The rise in a population’s prevalence of diabetes could be attributed to increases in that population’s prevalence of individual-level risk factors for the condition. Increase in the prevalence of prediabetes increases the prevalence of obesity, hypertension, alcohol consumption, and immigration over the same period of time. Population was aging and that the prevalence of consumption of fruits and vegetables decreased.

However, the proportion of people reporting a physically active lifestyle, sedentary behaviours, tobacco smoking, having completed high school and university education, and being of low income evolved in directions that were opposite to the direction expected to be considered as a factor contributing to the increasing prevalence of diabetes.

Environmental risk factors

Environmental risk factors such as the presence of environmental pollutants (such as nitrogen dioxide (NO2), particulate matter (PM), organic persistent pollutants and non-persistent pesticides), urbanization and rapid socioeconomic development increase the prevalence of diabetes. 

Sources 

1. Nagarathna R, Bali P, Anand A, et al. Prevalence of diabetes and its determinants in the young adults Indian population-call for yoga intervention. Front Endocrinol (Lausanne). 2020;11:507064.
2. Kirkman MS, Briscoe VJ, Clark N, et al. Diabetes in older adults. Diabetes Care. 2012;35(12):2650-2664.
3. Sharma S, Jain S. Prevalence of obesity among type-2 diabetics. J Hum Ecol. 2009;25(1):31-35.
4. Tramunt B, Smati S, Grandgeorge N, et al. Sex differences in metabolic regulation and diabetes susceptibility. Diabetologia. 2020;63(3):453-461.
5. Thibault V, Bélanger M, LeBlanc E, et al. Factors that could explain the increasing prevalence of type 2 diabetes among adults in a Canadian province: a critical review and analysis. Diabetol Metab Syndr. 2016;8(1):71.

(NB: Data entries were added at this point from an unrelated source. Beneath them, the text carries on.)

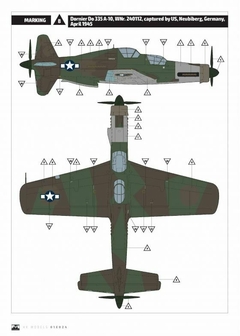 Imagem do Dornier Do 335 A-10 Trainer 1/32 - HKM 1E09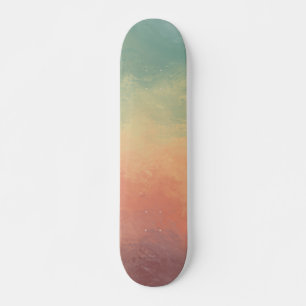 Solstrålar Mini Skateboard Bräda 18,5 Cm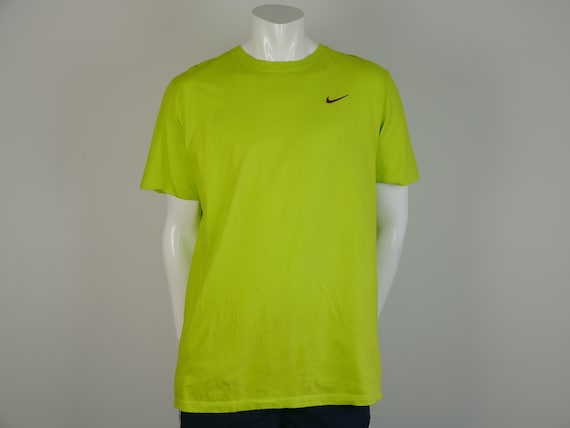 nike shirt neon green nike shirt neon green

Rural Practitioners Jatinder Kumar Mokta

Dr Jatinder Kumar Mokta Professor of Medicine at Indira Gandhi Medical College and Hospital Shimla, a lecturer in rural school, has presented a similar example. Mokta has been honored with the prestigious Oscar E Edward Award in the USA. Dr. Mokta is presently at IGMC Are serving their services in the Madison Department. The thing about pride is that IGMC Dr. Jatinder Kumar Mokta is the first Indian to be nominated for this award. The special thing for Dr. Jatinder Kumar Mokta is that he is the first physician of India who has been selected for the honor of Oscar E Edward Memorial of the prestigious college of physicians of America.